Try it: Only these lines of the data below are wanted: the one with "How To Make", the one with "iS Passione 100ml", and any lines between them, each repeated exactly.

Provided data:

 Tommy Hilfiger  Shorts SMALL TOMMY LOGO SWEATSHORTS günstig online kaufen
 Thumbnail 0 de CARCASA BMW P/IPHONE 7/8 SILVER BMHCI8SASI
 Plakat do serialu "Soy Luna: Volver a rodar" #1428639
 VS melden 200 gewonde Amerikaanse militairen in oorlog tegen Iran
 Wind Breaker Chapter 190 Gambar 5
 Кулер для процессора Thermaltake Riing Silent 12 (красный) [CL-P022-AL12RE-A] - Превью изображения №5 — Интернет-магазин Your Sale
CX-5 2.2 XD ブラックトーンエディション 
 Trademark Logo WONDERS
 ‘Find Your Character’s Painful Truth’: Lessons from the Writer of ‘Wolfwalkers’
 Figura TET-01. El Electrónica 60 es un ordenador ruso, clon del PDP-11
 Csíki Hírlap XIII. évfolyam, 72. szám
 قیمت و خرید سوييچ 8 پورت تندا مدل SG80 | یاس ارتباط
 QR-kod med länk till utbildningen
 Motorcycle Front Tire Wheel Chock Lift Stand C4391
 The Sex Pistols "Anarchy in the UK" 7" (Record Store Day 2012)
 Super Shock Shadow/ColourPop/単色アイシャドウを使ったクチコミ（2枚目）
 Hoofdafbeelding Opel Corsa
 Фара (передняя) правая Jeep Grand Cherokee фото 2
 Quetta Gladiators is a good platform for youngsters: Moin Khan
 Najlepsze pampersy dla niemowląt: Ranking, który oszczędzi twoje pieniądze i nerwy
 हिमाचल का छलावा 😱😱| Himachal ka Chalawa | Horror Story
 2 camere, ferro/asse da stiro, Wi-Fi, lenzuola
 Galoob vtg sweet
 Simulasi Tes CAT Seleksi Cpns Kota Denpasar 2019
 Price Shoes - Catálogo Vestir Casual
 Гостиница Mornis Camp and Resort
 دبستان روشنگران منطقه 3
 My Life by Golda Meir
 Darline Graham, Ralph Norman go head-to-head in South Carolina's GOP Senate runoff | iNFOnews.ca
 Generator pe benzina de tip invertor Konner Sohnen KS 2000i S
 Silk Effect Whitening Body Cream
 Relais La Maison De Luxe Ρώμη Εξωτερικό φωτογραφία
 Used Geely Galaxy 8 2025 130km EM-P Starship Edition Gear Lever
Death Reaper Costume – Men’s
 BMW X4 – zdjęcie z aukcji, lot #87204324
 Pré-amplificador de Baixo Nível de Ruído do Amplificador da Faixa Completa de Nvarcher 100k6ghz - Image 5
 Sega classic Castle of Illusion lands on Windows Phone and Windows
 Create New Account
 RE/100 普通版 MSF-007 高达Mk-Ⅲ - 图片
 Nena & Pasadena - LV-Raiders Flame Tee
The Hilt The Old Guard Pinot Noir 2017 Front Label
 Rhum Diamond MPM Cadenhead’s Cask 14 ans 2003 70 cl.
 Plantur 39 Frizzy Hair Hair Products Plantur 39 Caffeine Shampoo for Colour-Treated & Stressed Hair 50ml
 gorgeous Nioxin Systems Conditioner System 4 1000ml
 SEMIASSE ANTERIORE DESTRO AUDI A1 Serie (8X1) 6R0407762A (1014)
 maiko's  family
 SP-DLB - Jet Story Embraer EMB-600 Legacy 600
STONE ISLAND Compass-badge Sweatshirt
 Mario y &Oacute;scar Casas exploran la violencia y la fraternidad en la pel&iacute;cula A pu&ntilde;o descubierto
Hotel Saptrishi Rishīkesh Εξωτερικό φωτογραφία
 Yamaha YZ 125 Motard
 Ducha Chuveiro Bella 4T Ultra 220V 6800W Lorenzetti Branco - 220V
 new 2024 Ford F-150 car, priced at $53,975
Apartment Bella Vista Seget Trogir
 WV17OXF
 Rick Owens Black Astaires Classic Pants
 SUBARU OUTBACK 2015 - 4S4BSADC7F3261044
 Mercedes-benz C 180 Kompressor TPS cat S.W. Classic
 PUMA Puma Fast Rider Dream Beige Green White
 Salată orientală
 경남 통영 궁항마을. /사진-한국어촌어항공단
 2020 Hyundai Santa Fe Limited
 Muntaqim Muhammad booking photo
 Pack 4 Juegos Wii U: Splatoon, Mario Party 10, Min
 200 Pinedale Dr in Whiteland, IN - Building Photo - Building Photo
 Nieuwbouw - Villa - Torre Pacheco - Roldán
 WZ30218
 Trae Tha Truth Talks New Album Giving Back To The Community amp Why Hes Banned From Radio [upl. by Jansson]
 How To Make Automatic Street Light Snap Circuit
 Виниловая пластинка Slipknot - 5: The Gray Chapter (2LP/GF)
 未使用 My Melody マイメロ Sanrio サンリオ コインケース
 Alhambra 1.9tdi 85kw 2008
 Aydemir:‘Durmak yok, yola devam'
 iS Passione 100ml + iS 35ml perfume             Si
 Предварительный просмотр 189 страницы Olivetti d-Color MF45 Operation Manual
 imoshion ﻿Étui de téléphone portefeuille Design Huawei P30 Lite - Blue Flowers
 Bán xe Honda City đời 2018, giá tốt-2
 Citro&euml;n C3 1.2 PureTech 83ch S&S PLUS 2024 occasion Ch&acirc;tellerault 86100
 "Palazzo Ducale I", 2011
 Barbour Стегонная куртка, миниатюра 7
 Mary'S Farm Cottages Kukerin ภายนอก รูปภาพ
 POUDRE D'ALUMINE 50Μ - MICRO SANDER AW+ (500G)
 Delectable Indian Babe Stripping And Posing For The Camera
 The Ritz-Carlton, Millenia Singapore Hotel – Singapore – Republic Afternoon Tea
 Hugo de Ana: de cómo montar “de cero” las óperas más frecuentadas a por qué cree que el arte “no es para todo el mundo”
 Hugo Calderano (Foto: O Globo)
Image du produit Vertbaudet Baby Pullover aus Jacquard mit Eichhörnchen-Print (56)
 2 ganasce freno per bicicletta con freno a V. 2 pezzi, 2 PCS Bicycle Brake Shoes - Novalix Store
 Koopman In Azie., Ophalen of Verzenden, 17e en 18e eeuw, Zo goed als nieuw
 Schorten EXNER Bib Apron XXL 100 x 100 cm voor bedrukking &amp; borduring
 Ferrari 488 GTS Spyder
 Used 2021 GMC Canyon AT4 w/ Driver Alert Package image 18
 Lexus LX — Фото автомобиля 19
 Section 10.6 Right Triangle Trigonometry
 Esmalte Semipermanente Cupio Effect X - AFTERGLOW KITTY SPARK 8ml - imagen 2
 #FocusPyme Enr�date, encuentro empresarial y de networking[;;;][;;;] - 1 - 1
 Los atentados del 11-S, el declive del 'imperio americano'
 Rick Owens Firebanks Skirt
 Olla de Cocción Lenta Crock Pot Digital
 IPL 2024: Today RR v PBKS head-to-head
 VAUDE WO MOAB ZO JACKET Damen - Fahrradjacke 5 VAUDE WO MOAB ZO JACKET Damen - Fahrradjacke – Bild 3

Response below:
 How To Make Automatic Street Light Snap Circuit
 Виниловая пластинка Slipknot - 5: The Gray Chapter (2LP/GF)
 未使用 My Melody マイメロ Sanrio サンリオ コインケース
 Alhambra 1.9tdi 85kw 2008
 Aydemir:‘Durmak yok, yola devam'
 iS Passione 100ml + iS 35ml perfume             Si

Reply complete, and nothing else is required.